The Chair of the Science and Technology Committee, Norman Lamb MP, writes to Baroness Williams of Trafford ( PDF 205 KB), Minister for Countering Extremism at the Home Office. In the letter, the Chair questions why the Forensic Science Regulator (FSR) is not exempted under the Data Protection Bill, and why it is not a prescribed body under the whistleblowing provisions.
The letter was written in response to a letter from the regulator on 16 March 2018 ( PDF 116 KB).
Data protection exemptions
The Forensics Science Regulator, Dr Gillian Tully, has made the Committee aware that her position under the Data Protection Bill is unclear. She is concerned that when the General Data Protection Regulation is transposed into UK law, rights might be provided “for ‘data subjects’ which could hamper her investigations of complaints and referrals.”
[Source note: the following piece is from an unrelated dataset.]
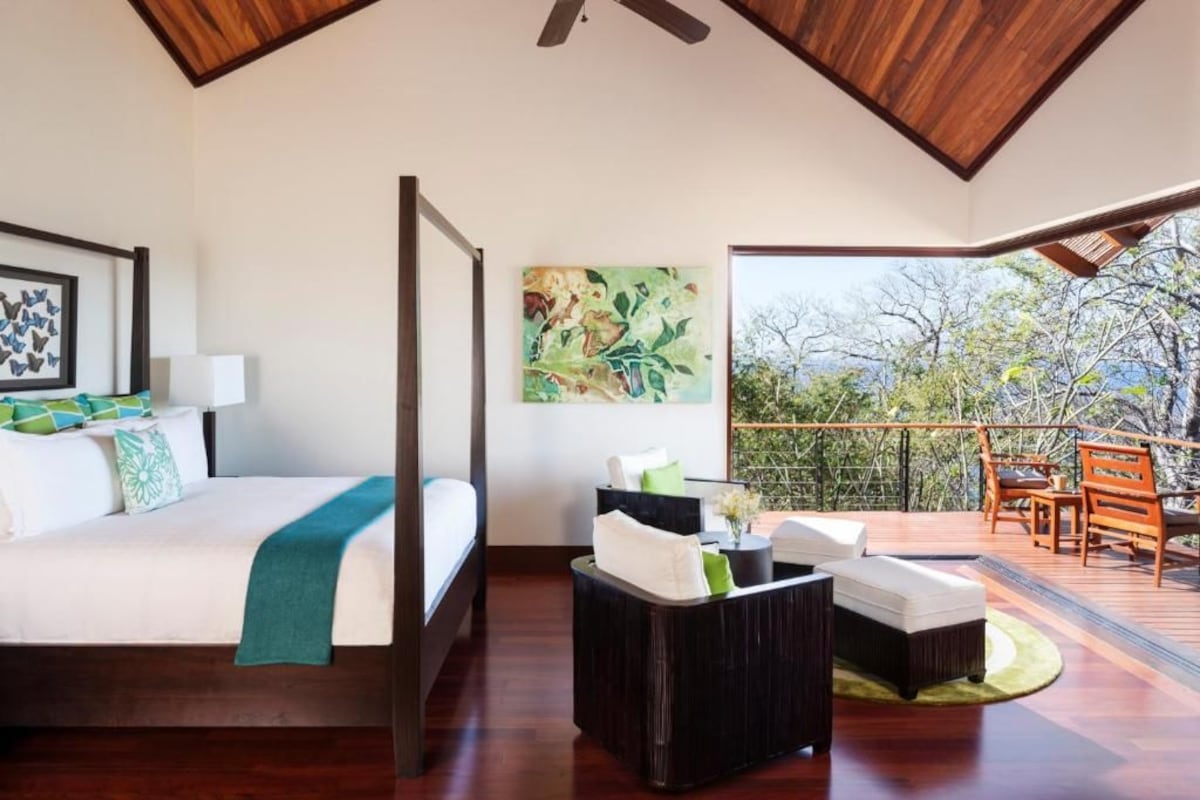 A bedroom with a bed, bedside table, and a view of an outdoor deck with seating.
Dr Gillian Tully, the Regulator, has also raised concerns with the Committee that, “although there is already provision for anyone to report concerns to the Regulator, there may be no statutory protection under the Employment Rights Act 1996…” As the body responsible for investigating malpractice in forensics, it is essential that individuals reporting such activity to the Regulator are protected by whistleblowing provisions. To ensure this, the Forensics Science Regulator is requesting that she becomes a ‘prescribed person’ under the whistleblowing provisions.
The Chair has written to the Home Office to demand clarity on both data protection exemptions and whistleblowing provisions.
Home Office must provide clarity urgently
Norman Lamb MP, Chair of the Science and Technology Committee said:
"We have seen a number of high profile forensics failures in recent months. It is essential that the Forensic Science Regulator is properly equipped to investigate malpractice in the forensics sector.
At present, there is uncertainty about the implications of the Data Protection Bill for her ongoing investigations, and the Regulator is concerned about the protections afforded to whistle-blowers in forensics labs. The Home Office must urgently provide clarity on both of these inter-linked issues, to allow the Regulator to undertake investigations unfettered."